*WORK ITEM*
Exactly the lines from the line containing "ACOPOWER LionCooler X30A" through the last line of the entries below should appear in the answer, reproduced verbatim.

*AVAILABLE RECORDS*
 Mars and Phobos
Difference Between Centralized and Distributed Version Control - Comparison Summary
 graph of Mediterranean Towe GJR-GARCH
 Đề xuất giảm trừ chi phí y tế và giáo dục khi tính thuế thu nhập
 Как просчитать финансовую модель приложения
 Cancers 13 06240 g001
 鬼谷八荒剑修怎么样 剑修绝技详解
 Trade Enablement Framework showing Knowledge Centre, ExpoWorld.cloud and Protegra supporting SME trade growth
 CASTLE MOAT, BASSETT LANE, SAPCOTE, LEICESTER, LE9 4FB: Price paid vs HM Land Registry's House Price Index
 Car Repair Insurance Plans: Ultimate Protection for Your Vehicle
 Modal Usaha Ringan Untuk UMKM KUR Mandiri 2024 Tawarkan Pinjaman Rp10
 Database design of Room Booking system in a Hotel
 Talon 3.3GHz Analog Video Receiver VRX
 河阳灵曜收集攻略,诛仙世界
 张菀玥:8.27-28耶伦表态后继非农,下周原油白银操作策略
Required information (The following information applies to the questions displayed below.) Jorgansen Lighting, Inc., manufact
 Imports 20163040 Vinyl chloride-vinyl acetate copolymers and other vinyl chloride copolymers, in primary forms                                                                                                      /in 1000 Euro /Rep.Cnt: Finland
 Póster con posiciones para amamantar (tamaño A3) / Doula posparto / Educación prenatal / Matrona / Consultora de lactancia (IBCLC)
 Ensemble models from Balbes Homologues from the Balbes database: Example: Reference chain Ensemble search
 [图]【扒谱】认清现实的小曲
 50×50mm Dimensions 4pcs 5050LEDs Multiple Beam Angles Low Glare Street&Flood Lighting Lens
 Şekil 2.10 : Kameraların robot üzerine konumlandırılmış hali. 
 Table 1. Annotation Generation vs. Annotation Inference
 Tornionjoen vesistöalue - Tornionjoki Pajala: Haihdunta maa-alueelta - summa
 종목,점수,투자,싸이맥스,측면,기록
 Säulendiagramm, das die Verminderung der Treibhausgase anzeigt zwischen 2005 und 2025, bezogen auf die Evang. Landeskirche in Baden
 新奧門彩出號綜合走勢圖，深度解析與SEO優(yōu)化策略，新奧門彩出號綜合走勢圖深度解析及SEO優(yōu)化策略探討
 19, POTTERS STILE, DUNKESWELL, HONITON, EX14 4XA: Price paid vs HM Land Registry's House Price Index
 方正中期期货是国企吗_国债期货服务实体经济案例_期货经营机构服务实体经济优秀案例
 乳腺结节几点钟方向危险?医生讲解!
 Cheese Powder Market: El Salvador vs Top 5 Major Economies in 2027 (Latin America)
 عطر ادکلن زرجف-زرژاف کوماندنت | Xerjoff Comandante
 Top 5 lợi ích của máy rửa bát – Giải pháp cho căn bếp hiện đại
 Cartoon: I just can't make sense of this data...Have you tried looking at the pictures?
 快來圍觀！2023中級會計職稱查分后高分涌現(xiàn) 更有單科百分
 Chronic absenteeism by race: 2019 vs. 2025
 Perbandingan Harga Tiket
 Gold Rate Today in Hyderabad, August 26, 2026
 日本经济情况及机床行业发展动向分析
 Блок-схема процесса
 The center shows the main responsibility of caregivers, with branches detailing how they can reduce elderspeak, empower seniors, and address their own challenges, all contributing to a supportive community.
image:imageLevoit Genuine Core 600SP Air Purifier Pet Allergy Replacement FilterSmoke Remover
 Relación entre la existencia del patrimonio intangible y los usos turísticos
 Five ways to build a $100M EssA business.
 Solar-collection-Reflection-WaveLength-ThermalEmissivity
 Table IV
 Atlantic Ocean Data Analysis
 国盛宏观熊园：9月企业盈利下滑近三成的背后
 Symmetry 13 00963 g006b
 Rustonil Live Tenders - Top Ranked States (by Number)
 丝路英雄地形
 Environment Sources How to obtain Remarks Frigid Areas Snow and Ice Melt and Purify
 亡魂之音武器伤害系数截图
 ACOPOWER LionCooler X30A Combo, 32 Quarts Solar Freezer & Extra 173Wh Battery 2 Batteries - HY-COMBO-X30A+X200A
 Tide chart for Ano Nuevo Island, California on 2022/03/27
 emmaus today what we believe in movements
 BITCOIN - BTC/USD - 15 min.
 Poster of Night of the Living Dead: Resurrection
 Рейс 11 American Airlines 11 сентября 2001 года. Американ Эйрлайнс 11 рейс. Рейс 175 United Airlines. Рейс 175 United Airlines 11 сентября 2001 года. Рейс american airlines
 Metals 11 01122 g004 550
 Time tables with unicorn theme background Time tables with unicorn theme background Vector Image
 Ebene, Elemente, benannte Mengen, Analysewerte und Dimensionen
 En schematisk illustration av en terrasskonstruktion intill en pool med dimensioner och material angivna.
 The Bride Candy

*SOLUTION TO THIS EXERCISE*
 ACOPOWER LionCooler X30A Combo, 32 Quarts Solar Freezer & Extra 173Wh Battery 2 Batteries - HY-COMBO-X30A+X200A
 Tide chart for Ano Nuevo Island, California on 2022/03/27
 emmaus today what we believe in movements
 BITCOIN - BTC/USD - 15 min.
 Poster of Night of the Living Dead: Resurrection
 Рейс 11 American Airlines 11 сентября 2001 года. Американ Эйрлайнс 11 рейс. Рейс 175 United Airlines. Рейс 175 United Airlines 11 сентября 2001 года. Рейс american airlines
 Metals 11 01122 g004 550
 Time tables with unicorn theme background Time tables with unicorn theme background Vector Image
 Ebene, Elemente, benannte Mengen, Analysewerte und Dimensionen
 En schematisk illustration av en terrasskonstruktion intill en pool med dimensioner och material angivna.
 The Bride Candy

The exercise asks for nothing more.